The vector library clojure.core.rrb-vector provides logarithmic time concatenation and slicing. Assuming you need persistence, and considering what you're asking for, a logarithmic time solution is as fast as theoretically possible. In particular, it is much faster than any solution using clojure's native subvec, as the concat step puts any such solution into linear time.

(require '[clojure.core.rrb-vector :as fv])
(let [s (vec [0 1 2 3 4])]
  (fv/catvec (fv/subvec s 0 2) (fv/subvec s 3 5)))
; => [0 1 3 4]

Answer 6

subvec is fast ; combined with transients it gives even better results.

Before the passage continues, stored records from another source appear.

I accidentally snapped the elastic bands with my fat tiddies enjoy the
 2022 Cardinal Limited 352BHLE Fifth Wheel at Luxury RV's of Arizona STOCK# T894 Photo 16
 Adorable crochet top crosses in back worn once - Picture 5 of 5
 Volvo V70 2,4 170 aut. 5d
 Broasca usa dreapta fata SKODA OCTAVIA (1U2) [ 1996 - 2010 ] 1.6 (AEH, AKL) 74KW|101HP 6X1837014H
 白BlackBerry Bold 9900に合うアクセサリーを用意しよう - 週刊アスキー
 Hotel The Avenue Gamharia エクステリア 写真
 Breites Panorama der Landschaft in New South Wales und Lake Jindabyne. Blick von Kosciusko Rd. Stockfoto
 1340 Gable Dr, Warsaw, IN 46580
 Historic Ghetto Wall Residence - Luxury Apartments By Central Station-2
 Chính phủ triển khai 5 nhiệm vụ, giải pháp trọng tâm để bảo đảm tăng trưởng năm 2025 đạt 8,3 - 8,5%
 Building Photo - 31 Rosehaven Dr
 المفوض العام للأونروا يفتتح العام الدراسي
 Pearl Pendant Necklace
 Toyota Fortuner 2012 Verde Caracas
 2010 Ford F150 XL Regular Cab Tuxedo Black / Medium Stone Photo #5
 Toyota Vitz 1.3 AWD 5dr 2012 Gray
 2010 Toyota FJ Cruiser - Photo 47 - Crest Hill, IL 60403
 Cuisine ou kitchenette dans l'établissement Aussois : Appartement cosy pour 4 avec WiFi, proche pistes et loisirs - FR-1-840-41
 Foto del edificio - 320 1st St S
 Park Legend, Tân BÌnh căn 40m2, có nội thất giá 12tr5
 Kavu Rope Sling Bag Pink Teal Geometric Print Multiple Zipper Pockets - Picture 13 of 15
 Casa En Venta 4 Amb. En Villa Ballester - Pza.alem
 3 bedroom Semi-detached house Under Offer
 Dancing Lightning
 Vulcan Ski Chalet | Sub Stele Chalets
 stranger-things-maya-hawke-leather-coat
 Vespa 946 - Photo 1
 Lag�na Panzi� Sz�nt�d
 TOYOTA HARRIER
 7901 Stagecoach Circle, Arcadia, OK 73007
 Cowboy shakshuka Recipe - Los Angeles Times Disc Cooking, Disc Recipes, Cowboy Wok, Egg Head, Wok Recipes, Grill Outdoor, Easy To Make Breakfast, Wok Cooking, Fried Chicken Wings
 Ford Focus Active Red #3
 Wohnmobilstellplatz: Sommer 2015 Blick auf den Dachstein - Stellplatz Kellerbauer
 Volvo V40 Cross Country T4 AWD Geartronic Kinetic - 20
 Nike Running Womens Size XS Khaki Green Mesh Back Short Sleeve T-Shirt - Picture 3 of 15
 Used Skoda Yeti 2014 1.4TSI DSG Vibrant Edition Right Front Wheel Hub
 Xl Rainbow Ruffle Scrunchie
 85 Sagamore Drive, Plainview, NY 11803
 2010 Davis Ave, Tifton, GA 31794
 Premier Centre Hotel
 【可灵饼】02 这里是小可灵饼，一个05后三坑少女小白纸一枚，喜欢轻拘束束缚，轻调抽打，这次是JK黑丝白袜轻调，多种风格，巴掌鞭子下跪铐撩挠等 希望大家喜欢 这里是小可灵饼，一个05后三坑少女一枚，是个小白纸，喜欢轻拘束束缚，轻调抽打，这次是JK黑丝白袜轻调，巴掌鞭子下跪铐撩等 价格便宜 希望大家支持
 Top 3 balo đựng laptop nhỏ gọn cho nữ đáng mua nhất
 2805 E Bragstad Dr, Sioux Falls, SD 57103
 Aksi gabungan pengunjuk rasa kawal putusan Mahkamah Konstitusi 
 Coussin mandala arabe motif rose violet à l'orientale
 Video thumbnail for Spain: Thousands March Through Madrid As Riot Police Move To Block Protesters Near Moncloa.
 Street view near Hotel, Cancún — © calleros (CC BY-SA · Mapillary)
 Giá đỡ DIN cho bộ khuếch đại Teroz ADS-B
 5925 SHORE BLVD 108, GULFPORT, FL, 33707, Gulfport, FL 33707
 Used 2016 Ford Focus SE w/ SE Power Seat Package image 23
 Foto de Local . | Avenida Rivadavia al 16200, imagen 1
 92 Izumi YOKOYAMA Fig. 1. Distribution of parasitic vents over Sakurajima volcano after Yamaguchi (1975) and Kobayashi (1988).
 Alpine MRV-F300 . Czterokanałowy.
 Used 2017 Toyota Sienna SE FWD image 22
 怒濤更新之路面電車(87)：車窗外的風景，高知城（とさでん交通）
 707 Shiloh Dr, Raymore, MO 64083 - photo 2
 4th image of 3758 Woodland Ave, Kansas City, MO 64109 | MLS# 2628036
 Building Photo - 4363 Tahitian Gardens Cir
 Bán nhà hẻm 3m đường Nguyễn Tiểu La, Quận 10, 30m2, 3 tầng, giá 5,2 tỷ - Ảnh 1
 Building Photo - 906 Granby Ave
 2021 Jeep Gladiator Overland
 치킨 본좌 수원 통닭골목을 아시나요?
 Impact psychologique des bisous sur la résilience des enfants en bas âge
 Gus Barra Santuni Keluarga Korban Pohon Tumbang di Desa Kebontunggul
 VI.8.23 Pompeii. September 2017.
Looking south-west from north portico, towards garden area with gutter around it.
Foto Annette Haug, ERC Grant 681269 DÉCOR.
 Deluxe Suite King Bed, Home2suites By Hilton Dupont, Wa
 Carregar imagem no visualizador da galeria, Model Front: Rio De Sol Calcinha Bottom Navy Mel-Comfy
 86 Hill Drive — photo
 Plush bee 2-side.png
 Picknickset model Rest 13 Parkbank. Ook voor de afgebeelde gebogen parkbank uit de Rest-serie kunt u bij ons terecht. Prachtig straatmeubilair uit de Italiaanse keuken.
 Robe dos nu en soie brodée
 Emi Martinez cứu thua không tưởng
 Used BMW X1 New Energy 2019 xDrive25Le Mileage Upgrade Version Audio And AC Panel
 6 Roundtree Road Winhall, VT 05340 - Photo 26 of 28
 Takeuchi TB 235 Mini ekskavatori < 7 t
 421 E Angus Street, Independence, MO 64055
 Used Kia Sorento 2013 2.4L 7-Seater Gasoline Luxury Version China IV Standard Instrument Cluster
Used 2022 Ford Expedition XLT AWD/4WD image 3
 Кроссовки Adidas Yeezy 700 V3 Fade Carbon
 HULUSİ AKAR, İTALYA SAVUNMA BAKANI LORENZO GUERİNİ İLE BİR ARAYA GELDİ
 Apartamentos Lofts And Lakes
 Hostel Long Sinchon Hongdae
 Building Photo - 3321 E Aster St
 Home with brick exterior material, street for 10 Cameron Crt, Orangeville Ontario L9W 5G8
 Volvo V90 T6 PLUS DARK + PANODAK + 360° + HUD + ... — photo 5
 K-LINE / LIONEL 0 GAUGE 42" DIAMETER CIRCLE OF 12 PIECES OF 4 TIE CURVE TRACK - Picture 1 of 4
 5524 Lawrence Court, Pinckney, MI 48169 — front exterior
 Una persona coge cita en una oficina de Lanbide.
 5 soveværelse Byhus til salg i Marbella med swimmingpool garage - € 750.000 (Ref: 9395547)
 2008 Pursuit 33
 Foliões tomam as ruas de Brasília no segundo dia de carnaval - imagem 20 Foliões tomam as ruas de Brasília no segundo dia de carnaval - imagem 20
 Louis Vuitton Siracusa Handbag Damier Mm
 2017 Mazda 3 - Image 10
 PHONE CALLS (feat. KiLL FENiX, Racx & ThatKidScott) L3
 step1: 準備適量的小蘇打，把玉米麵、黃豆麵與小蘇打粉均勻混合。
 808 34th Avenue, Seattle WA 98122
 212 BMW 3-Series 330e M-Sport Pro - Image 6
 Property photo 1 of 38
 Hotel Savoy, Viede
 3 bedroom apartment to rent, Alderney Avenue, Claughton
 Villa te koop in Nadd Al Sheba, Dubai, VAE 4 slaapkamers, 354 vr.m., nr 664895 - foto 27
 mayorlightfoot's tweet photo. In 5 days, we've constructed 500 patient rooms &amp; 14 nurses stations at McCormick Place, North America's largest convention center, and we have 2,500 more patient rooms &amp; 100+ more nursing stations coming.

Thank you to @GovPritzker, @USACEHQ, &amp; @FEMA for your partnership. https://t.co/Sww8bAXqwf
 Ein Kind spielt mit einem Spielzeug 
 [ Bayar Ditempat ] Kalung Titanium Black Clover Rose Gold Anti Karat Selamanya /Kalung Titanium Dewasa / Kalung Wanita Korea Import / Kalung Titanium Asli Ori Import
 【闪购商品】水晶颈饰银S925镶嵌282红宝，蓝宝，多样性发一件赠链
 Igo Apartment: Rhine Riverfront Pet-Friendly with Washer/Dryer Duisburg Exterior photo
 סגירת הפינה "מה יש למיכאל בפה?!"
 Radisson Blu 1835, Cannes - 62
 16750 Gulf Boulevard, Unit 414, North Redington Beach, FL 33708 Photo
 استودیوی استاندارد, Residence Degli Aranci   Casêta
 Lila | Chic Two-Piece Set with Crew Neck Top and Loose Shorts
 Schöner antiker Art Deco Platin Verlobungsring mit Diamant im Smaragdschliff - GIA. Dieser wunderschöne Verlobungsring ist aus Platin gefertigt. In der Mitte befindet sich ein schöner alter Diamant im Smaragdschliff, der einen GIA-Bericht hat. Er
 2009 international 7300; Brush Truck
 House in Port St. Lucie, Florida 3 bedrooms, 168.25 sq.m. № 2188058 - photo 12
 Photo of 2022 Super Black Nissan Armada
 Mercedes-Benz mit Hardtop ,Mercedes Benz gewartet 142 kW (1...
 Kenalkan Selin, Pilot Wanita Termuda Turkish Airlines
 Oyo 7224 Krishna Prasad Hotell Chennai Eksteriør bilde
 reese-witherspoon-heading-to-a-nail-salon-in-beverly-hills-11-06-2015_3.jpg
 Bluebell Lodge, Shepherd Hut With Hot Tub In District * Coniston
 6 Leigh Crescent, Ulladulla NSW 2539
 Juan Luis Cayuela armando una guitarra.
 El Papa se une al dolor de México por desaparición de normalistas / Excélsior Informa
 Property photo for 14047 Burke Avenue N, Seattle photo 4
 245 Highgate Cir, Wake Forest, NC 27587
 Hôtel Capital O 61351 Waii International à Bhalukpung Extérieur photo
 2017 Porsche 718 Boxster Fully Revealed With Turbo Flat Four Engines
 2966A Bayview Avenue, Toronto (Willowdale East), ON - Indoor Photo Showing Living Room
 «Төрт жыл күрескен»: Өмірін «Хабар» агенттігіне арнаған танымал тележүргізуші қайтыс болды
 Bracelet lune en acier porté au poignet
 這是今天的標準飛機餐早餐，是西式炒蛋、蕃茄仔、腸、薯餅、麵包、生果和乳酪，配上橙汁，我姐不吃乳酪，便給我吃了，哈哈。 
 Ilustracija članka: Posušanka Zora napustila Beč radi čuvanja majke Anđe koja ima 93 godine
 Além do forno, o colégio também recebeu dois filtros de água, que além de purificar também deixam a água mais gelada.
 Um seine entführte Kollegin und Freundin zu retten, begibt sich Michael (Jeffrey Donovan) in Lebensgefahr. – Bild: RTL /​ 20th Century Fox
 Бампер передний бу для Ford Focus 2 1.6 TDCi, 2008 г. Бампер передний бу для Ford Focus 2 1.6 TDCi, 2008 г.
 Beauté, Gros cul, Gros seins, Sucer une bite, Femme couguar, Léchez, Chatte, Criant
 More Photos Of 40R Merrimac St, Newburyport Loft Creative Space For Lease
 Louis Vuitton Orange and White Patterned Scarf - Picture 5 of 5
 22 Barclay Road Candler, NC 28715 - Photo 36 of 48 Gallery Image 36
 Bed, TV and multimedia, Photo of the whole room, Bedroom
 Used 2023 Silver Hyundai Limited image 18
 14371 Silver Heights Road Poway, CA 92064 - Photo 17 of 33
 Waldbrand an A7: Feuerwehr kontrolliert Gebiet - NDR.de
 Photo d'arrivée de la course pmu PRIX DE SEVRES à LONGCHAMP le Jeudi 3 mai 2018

Using criterium to benchmark:

user=> (def len 5)
user=> (def v (vec (range 0 5))
user=> (def i (quot len 2))
user=> (def j (inc i))

; using take/drop
user=> (bench
         (vec (concat (take i v) (drop j v))))
;              Execution time mean : 817,618757 ns
;     Execution time std-deviation : 9,371922 ns

; using subvec
user=> (bench
         (vec (concat (subvec v 0 i) (subvec v j len))))
;              Execution time mean : 604,501041 ns
;     Execution time std-deviation : 8,163552 ns

; using subvec and transients
user=> (bench
         (persistent!
          (reduce conj! (transient (vec (subvec v 0 i))) (subvec v j len))))
;              Execution time mean : 307,819500 ns
;     Execution time std-deviation : 4,359432 ns

The speedup is even greater at greater lengths ; the same bench with a len equal to 10000 gives means: 1,368250 ms, 953,565863 µs, 314,387437 µs.

Answer 7

Yet another possibility which ought to work with any sequence and not bomb if the index was out of range...

(defn drop-index [col idx]
  (filter identity (map-indexed #(if (not= %1 idx) %2) col)))

Answer 8

Here is a solution iv found to be nice:

(defn index-exclude [r ex] 
   "Take all indices execpted ex" 
    (filter #(not (ex %)) (range r))) 


(defn dissoc-idx [v & ds]
   (map v (index-exclude (count v) (into #{} ds))))

(dissoc-idx [1 2 3] 1 2)


'(1)

Answer 9

user=> (def a [1 2 3 4 5])
user=> (time (dotimes [n 100000] (vec (concat (take 2 a) (drop 3 a)))))
"Elapsed time: 1185.539413 msecs"
user=> (time (dotimes [n 100000] (vec (concat (subvec a 0 2) (subvec a 3 5)))))
"Elapsed time: 760.072048 msecs"

Yup - subvec is fastest